Conflict-of-interest-filter: I work for X as a consultant. One of our roles is advising a client A how much they should pay Y. Recently the consultant arm of Y has approached me about potentially working for them in the future. I am genuinely interested in the job and have satisfied myself that I could consider this without affecting my judgement in advising client A, but am concerned about how it could look to outsiders. Advice?

More details:

-I work as part of a wider team advising client A, not just on my own,

-I am generally very thorough in keeping my notes in case anything untoward was ever suggested so that I could prove otherwise, but would prefer it not to come to that!

-The approach from Y is still at an early stage, no concrete offer, but has been indicated an offer would be substantially above my current pay with firm X

-Given the early stage I am not particularly keen to mention it explicitly yet to my current firm X or client Y

Thank you!

(Anonymous as it would be very clear to anyone who knows me who Y is)
posted by anonymous to Work & Money (2 answers total) 1 user marked this as a favorite
 
Declare the potential conflict of interest to the hiring people at Y. Tell them that, unless and until you receive the concrete offer, you cannot discuss further with them. I would do this through e-mail to have some kind of documentation. While you have the initial offer from Y, abstain from making any decisions regarding how A compensate Y while you consider or negotiate it.
posted by IanMorr at 8:44 AM on June 4, 2012


If you have input into how much Client A should pay Y (or other negotiations with Y), I can tell you as an outsider that I assume the possibility of a lucrative job offer from Y does affect your judgment. It's like the no-friend-links thing on the Metafilter front page -- you may be pretty sure that you would have done the same thing without the conflict of interest, but it's impossible for you to know, let alone for anyone else to know.

I know you said it doesn't affect your judgment, and I'm not calling you a liar. I'm just saying if there's a true conflict of interest, then by definition you'll never be able to prove it doesn't affect your judgment, and the totally reasonable assumption will be that it does, which means you'll never be able to prove you kept your ethical obligations to Client A.

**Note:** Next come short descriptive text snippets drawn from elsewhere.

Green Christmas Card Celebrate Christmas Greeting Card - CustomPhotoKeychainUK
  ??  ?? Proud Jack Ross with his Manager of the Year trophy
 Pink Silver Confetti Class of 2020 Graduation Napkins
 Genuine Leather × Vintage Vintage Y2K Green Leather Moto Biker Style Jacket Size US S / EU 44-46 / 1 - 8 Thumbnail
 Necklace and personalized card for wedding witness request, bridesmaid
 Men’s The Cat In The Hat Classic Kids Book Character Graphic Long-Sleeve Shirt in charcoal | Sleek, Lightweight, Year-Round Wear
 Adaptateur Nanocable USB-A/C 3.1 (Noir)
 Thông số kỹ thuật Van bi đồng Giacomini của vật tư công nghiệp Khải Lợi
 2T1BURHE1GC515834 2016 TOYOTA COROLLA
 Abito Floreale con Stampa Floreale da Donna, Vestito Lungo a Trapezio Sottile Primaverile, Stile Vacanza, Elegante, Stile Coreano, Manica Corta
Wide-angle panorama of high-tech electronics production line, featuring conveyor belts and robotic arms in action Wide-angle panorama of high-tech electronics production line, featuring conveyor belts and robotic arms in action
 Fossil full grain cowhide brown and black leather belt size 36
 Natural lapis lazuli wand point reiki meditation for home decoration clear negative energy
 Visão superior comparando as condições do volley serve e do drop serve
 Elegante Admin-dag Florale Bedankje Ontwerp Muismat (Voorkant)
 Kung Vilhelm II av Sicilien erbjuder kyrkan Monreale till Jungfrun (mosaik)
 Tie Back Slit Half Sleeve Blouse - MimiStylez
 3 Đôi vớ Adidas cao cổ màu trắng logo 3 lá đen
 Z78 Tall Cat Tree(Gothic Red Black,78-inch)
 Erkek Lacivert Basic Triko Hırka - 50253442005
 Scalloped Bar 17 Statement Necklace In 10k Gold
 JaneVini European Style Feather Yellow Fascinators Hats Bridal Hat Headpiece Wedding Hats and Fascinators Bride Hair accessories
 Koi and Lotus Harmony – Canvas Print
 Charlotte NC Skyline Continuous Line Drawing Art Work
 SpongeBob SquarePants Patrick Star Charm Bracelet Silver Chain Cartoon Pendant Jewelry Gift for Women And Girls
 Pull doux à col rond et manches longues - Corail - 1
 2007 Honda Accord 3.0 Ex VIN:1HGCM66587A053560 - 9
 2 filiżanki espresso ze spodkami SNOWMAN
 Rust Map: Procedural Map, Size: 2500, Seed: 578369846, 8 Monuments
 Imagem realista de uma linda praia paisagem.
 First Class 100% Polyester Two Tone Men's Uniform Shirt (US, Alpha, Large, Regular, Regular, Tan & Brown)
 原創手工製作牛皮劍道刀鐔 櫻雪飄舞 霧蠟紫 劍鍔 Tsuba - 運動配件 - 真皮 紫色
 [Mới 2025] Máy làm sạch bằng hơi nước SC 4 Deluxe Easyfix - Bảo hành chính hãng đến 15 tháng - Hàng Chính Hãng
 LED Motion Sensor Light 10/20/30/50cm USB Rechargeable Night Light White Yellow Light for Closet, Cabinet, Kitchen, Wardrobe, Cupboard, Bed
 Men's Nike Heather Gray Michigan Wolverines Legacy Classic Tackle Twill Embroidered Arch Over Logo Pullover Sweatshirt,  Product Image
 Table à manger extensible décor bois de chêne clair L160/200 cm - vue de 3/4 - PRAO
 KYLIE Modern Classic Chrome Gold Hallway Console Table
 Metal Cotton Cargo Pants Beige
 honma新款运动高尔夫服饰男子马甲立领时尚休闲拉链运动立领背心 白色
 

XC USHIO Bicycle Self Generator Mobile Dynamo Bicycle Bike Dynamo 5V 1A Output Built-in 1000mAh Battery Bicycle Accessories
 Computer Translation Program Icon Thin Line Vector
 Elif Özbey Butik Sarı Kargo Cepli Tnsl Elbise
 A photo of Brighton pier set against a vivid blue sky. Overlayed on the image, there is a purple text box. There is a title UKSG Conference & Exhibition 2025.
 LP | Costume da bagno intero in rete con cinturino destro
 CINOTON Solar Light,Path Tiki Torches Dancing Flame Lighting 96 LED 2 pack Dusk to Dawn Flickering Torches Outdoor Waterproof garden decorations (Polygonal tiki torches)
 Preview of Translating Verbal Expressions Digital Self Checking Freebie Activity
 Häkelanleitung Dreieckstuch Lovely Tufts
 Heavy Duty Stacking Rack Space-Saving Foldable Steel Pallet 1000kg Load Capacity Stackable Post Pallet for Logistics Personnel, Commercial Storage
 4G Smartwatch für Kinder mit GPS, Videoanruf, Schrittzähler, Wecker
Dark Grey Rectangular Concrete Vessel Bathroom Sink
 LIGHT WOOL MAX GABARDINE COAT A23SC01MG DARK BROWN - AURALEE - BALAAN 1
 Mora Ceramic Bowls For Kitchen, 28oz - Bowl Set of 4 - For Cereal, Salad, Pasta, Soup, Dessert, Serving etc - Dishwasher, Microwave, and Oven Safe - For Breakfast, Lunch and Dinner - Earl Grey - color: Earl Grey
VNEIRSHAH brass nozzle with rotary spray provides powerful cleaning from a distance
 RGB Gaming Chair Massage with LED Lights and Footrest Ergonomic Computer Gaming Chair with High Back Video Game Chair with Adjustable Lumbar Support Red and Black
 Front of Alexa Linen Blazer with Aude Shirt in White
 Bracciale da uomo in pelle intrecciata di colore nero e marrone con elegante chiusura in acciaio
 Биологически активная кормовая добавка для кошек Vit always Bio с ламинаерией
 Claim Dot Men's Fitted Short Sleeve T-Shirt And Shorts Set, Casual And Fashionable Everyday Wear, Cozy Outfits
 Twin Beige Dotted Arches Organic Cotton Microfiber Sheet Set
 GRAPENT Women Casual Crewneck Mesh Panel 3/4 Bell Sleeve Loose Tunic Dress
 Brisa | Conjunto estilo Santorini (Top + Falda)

I think your best options ethics-wise are to ask not to work on business between Client A and Y for some other plausible reason ("I'd love to be transferred to the Z account!"), or let a particular boss you trust in on what's going on so they can help you avoid the conflict, or get clarity from Y as soon as possible. It's a pain, but just decide right now to be someone who puts unimpeachable ethics above the possibility of a whole bunch of money, and figure things out from there.
posted by Honorable John at 12:08 PM on June 4, 2012 [1 favorite]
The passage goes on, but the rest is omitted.